In 2008, at the Queensland 12 years and under Track and Field Championships, McCracken came in first place in the boys 11 years AWD 100m, 200m, long jump, shot put and discus events. In 2008, he participated in the Pan Pacific Games in Canberra. He took home first place in the Athletes With a Disability (AWD) 11 years boys' 100m, long jump, shot put and discus events. In 2009, he participated in the Queensland State Championships in the boys 12 years Athletes With a Disability long jump, 100m, discus and shot put events, winning every one of them.

In 2010, McCracken competed in the Queensland Secondary Schools Championships, where he won the AWD boys 400m event. That year, he also competed at the Queensland State Championships and the Australian National Championships.

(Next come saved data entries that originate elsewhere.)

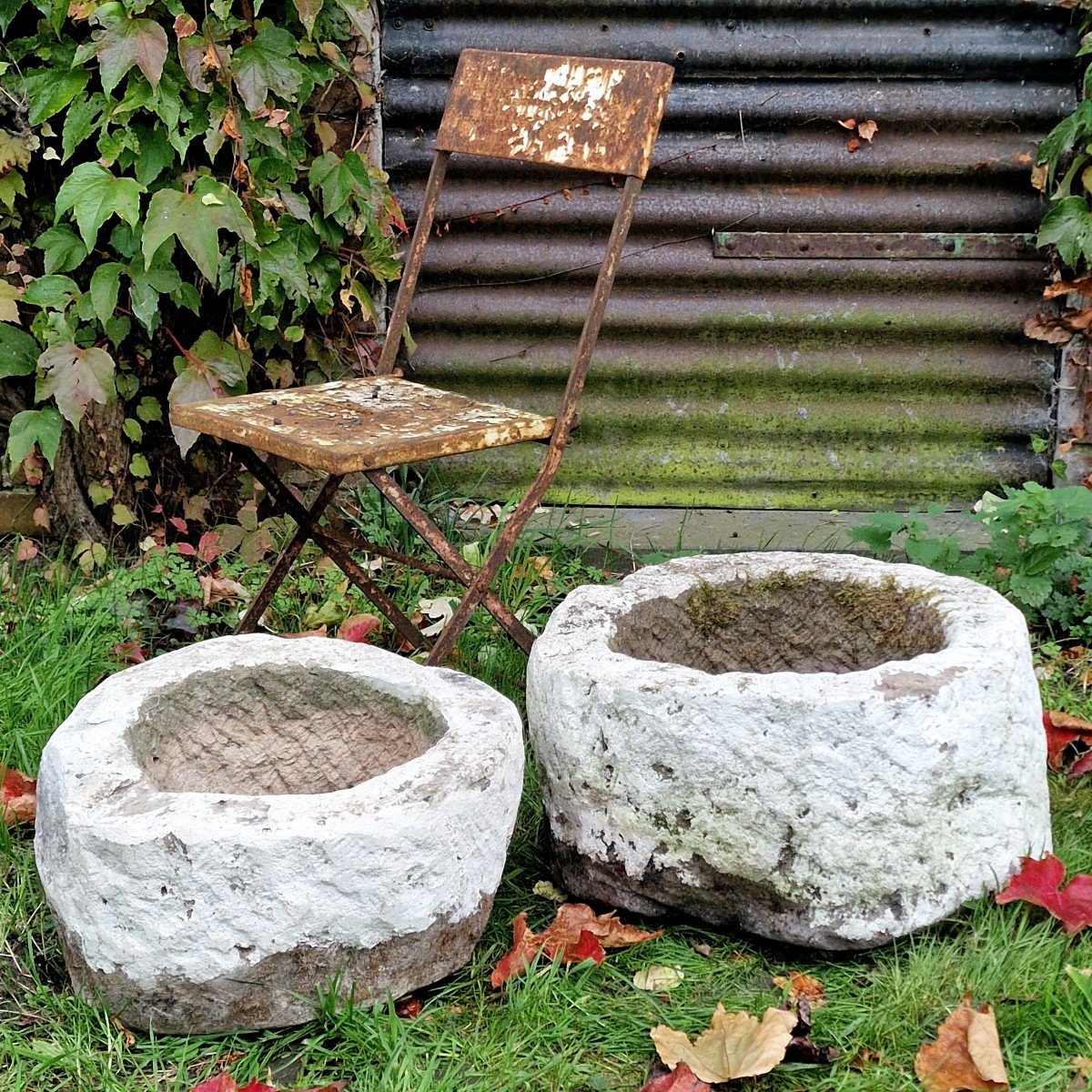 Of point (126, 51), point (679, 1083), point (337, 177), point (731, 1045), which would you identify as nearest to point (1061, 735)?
point (731, 1045)

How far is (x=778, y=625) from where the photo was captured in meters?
2.74

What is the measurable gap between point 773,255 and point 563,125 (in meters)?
1.14

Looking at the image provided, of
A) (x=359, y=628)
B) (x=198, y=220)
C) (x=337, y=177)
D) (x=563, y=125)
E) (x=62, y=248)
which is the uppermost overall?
(x=563, y=125)

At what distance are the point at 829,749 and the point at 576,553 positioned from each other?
183cm

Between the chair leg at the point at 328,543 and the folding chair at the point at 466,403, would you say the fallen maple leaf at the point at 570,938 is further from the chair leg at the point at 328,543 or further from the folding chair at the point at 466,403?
the chair leg at the point at 328,543

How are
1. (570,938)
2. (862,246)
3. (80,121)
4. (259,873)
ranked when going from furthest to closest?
(862,246)
(80,121)
(570,938)
(259,873)

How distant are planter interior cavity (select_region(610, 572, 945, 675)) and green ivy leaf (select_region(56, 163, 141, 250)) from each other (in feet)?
5.42

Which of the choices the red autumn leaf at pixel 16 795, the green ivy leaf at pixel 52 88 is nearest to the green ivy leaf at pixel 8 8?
the green ivy leaf at pixel 52 88

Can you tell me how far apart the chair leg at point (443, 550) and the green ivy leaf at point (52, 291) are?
1200 millimetres

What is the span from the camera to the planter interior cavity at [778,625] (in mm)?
2602

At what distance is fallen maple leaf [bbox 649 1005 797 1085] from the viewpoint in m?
1.95

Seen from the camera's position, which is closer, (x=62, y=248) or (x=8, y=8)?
(x=8, y=8)

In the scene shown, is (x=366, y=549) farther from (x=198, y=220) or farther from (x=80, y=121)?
(x=80, y=121)

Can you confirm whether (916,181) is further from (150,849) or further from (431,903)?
(150,849) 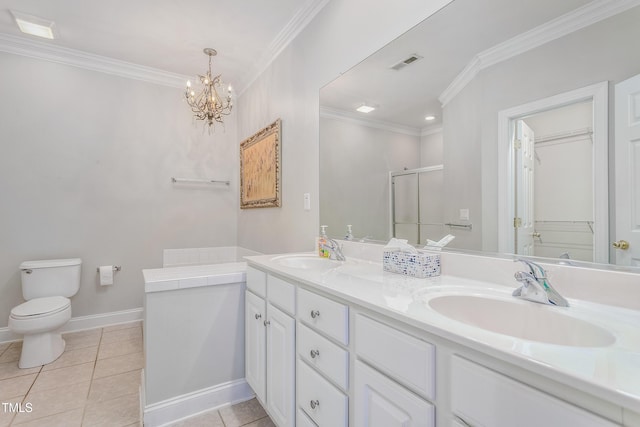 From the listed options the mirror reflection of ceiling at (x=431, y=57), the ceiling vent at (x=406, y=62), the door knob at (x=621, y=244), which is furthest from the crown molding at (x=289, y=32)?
the door knob at (x=621, y=244)

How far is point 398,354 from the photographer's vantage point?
0.79 metres

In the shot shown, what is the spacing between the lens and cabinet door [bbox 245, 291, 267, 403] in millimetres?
1574

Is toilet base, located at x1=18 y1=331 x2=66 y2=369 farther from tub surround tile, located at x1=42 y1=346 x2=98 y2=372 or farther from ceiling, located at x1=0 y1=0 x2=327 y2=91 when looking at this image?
ceiling, located at x1=0 y1=0 x2=327 y2=91

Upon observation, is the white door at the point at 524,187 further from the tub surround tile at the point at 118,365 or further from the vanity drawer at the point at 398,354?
the tub surround tile at the point at 118,365

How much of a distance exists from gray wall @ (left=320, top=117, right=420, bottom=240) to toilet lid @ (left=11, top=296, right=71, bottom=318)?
2.11 m

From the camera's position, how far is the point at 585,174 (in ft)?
2.96

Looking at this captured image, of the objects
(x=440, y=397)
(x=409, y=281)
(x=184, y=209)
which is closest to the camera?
(x=440, y=397)

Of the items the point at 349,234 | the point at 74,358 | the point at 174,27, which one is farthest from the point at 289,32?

In 2011, McCracken made his Australian national team debut During 2011, in preparation for the Paralympics, he completed six total training sessions a week. He finished third at the Gold Coast Airport Marathon's wheelchair half-marathon in July 2011. In 2011, he competed in Sydney's City2Surf event in the first year the event had an elite wheelchair category. In December, he competed at the 2011 International Wheelchair and Amputee Championships in Dubai, where he won the 100 metre wheelchair racing event with a time of 16.86 seconds. The time qualified him for the 2012 Paralympics as the qualifying time was 17 seconds. Other events he competed in included the 200 metres, 400 metres, 800 metres and 1,500 metres, taking silver in the 400 metres, 800 metres and 1,500 metres events. He was half a second slow in the 200 metres event from setting a Paralympic qualifying time. Making his national team debut, he was one of the youngest members of the Australian team at the event. In December 2011, he participated in a national athletics team training camp in Canberra.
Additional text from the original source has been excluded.